Todos regresaron a sus quehaceres, la noche ya se instalaba entre las calles y la oscuridad se hacía aún más densa. Los que estuvieron cercanos al griterío, volvieron a recordar que extrañaban al caballito de latón, era una noche de gran viento y el sonido del metal girando hacia un lado y el otro hoy no se oía.
Cuando el ultimo comensal se retiró de la posada, Nicolas subió a descansar, por un momento creyó oír el viejo relinchar del caballito; si bien esta estaba lejos de la comisaria el rumor del escándalo había llegado a sus oídos y se dio cuenta que solo era producto de su imaginación.
La mañana se presentó helada, bajo de inmediato y prendió la chimenea. Los clientes madrugadores no tardaron en llegar. Entre los unos y los otros, se presentó una cara familiar, pero a la vez un poco desconocida, quien con el mayor de los respetos y un hilo de voz dijo:
– Espero me recuerde, soy el nuevo deshollinador. Ayer terminé el trabajo un poco tarde, por eso decidí venir hoy por mi paga.
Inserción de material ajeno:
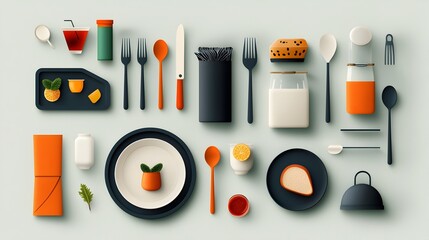 Poster - Comprehensive icon set showcasing a modern and minimalist design style for cutlery catering tray plate beverage and various food elements  This versatile collection is perfect for hospitality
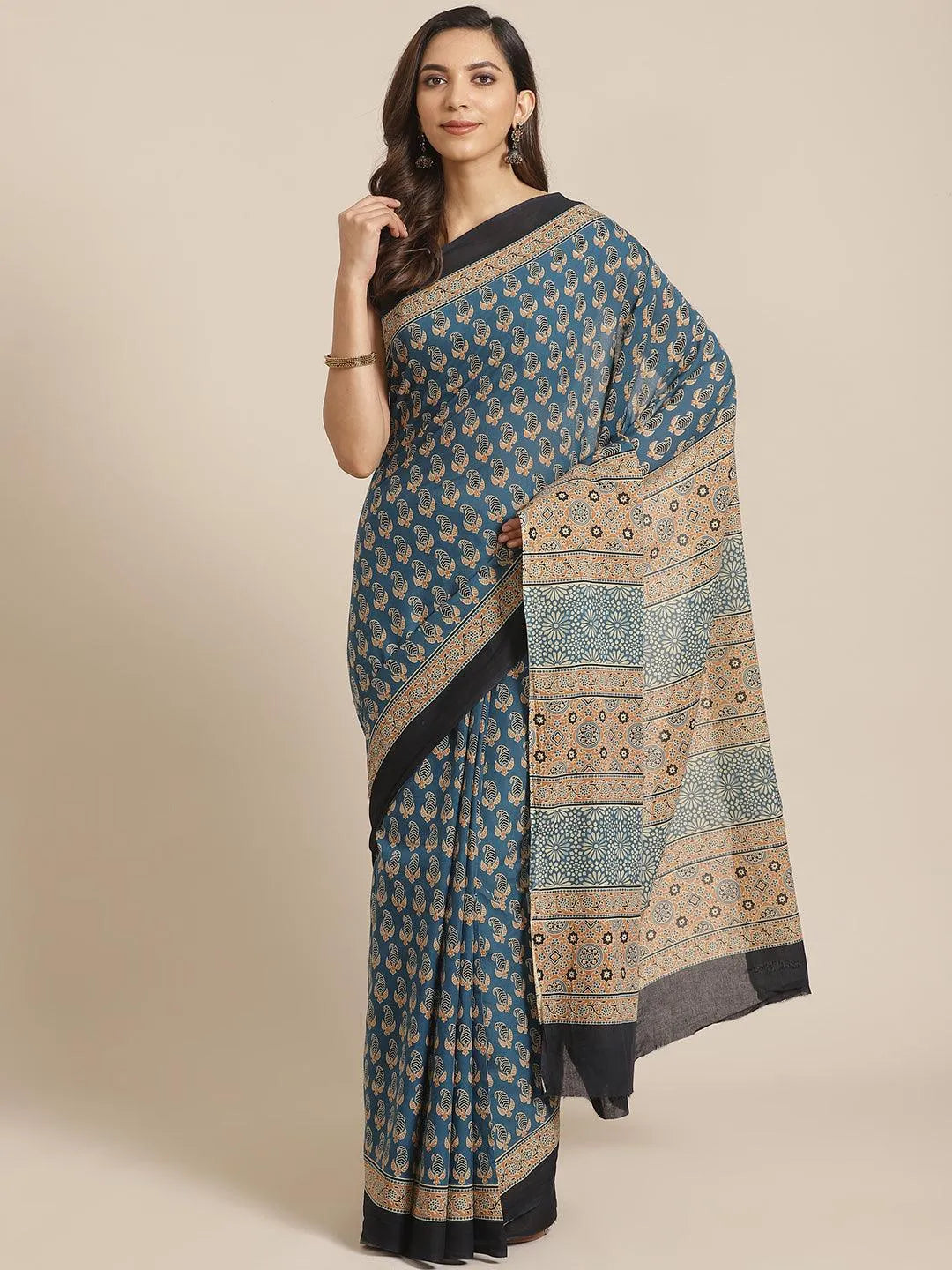 Blue Printed Cotton Saree - Jashvi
– ¡Claro hombre, disculpe! No lo reconocí entre tanta muchachada. Venga, que voy a darle un café caliente y lo que le debo. Gracias a usted está la chimenea prendida hoy.
– Si, la verdad que tuvo suerte en ser mi primer cliente y a su vez quiero agradecerle las recomendaciones.
– Es así amigo, en este barrio todos nos ayudamos. Somos una gran familia. ¡Todos coloramos para vivir en un lugar lindo, amigable y seguro!
Nicolás, lo decía en tono de discurso lleno de orgullo por el lugar que habitaba, pero tal exposición fue defenestrada por una vocecita finita, aunque potente.
– Lo de seguro, podemos discutirlo. Todavía nadie dio respuestas por caballito. Al pobre se lo llevaron y quedó en el olvido.
– Joaquín, necesitas olvidar esa historia. Hicimos todo lo posible pero no se pudo resolver.
– ¡Es que lo extraño! era mi compañero al regresar.
– Se te hace tarde para clase, anda y después seguimos con ese tema.
Mientras el pequeño colocaba de nuevo su mochila al hombro, el limpiador de chimeneas preguntó:
– ¿hablas de la veleta con forma de caballo en latón?
Ambos, viejo y niño, lo miraron esperando entender como un recién llegado, podía brindar una descripción tan clara del objeto extraviado.
– Yo tenía razón – grito Joaquín – este hombre estaba relacionado con la desaparición de caballito. ¿Dónde se lo llevo? ¿Qué quiere por él?
El deshollinador, se sonrió con fuerza y volteo para encontrar un cómplice en el cantinero, solo halló un ceño fruncido y con ansias de una explicación. Entendió que el tema no daba para bromas, borró la sonrisa de su cara y comenzó a hablar.
– Ayer, cuando subí a limpiar la chimenea, la vi en el piso del tejado, su mástil estaba quebrado, así que la repare y coloque en el lugar.
No pasaron segundo desde que terminó el relato, Joaquín y Nicolás ya estaban afuera verificando la veracidad de la historia. Y así fue, encontraron al caballito trotando a los cuatro vientos.
Ambos se miraron sabían que el misterio nunca fue misterio, pero nada les importaba, él había regresado, eran de nuevo “los del caballito” recuperaban su identidad y eso los hacía felices.
Cuento perteneciente a la escritora Eva Braum, quien fue distinguida con el: 2° Premio en el certamen “Caballito me Inspira” – Categoría: Cuento organizado por: El viejo Buzón – Cofradía de Caballito – Revista Horizonte – Revista Nuevas Letras y Los Palabradores.